A community called r/Wallstreetbets (WSB) has now existed on social news website Reddit for many years. Initially founded by an exiled investor, WSB became a place for amatuer traders to make big bets on the stock market, typically with huge amounts of leverage in order to magnify their gains or their frequent losses. What caused GME to balloon was a mix of ingenuity from this group and media hype. The group discovered that multiple hedge funds had huge short positions on Gamestop. 

Shorting a stock means you are borrowing a stock and selling that stock at the current price, betting that the price will drop. This is so one can buy back the shares that were borrowed (and need to return) and pocket the difference from the initial sale price and the current. Shorting securities is risky because unlike investing, a security has a theoretical infinite percent-increase potential whereas investing the most one can lose is 100%. On top of this, there is typically a flat fee to pay while borrowing the shares. That means if a price rises on a security you have shorted and you don’t want to sell, then you will eventually bleed your money out to fees.

A few members from WSB placed call options on GME over the summer (betting the price will go up) and used the passing months to build up hype on the message board. They hoped to create a short squeeze, something that occurs when price increases on a stock cause short holders to close their positions, thus pushing up the price even higher and forcing more short holders to close their positions.

When the price of GME ballooned in early January, every major news outlet picked up the story.
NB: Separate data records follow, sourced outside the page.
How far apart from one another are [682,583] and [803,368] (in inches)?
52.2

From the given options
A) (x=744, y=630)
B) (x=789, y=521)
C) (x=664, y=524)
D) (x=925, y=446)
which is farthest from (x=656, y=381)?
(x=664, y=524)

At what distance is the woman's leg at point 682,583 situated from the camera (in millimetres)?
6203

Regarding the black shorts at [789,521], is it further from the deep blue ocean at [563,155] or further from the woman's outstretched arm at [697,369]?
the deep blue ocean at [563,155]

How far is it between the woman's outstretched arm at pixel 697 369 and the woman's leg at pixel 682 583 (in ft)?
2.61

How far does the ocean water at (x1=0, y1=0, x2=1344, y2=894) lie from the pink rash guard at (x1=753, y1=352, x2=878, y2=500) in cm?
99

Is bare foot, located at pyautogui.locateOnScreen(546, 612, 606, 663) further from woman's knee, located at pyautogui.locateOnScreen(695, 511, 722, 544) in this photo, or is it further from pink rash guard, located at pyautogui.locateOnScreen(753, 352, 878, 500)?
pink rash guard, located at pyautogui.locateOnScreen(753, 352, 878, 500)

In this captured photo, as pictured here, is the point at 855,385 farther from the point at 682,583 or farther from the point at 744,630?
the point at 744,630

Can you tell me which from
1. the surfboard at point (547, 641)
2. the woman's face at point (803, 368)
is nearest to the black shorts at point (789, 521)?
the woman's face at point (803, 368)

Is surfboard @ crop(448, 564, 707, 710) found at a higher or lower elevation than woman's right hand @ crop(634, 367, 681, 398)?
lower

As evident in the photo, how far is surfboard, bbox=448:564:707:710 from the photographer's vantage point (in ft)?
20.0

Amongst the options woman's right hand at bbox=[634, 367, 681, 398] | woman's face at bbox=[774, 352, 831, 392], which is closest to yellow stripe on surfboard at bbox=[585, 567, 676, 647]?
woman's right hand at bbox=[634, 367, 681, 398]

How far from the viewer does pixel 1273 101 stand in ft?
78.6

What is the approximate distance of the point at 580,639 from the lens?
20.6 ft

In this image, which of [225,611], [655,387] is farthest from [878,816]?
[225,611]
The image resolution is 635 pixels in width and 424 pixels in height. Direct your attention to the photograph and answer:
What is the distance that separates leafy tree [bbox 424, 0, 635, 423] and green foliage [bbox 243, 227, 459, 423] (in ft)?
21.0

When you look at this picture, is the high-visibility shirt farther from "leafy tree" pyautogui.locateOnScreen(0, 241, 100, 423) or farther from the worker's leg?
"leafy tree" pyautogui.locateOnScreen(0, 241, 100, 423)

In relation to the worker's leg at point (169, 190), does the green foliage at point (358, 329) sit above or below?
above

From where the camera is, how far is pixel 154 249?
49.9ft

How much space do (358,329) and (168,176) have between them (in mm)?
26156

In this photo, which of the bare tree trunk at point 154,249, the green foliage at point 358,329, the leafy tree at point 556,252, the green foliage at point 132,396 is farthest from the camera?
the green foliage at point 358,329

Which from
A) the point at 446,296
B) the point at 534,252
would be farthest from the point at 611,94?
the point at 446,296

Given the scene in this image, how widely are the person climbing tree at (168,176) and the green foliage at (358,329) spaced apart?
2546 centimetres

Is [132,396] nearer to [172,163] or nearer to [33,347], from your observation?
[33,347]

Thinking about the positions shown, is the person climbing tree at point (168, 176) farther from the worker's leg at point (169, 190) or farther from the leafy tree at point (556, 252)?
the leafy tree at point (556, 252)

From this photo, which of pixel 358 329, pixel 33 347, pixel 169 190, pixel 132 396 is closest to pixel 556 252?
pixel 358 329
There were bulletins pasted on each front page advertising the millions of dollars in profit that a few choice members had made on this wacky bet. As with market bubbles, people began to experience FOMO; they wanted their own 30,000% gain. Soon WSB began to explode. Membership jumped from 1.2 million to over 6 million.

The issue with this rise is that the vast majority of those who invested after Jan 11th lost money. Many were people with absolutely no investing experience who were risking college funds and mortgages to profit off of GME’s rising value. Unfortunately, bubbles only last as long as investors believe there is someone else waiting to buy their stock for more money. Once the early investors cashed out and made their big bucks, the amount of takers continued to drop. Bubbles are essentially pyramid schemes waiting to collapse.

As membership on the forum grew, so did the amount of misinformation. Cries of market manipulation and fund collusion ran wild. Members yelled at each other in the comments to hold their stock with “diamond hands” and shame those selling out. Newcomers proclaimed a doctrine of “taking their fair share” and “fighting back against Wall Street”. 

Within all this chaos was one constant: greed. The Gamestop rally didn’t start off as a political movement manifestation or a class crusade; it started as a group of people looking to make a quick buck.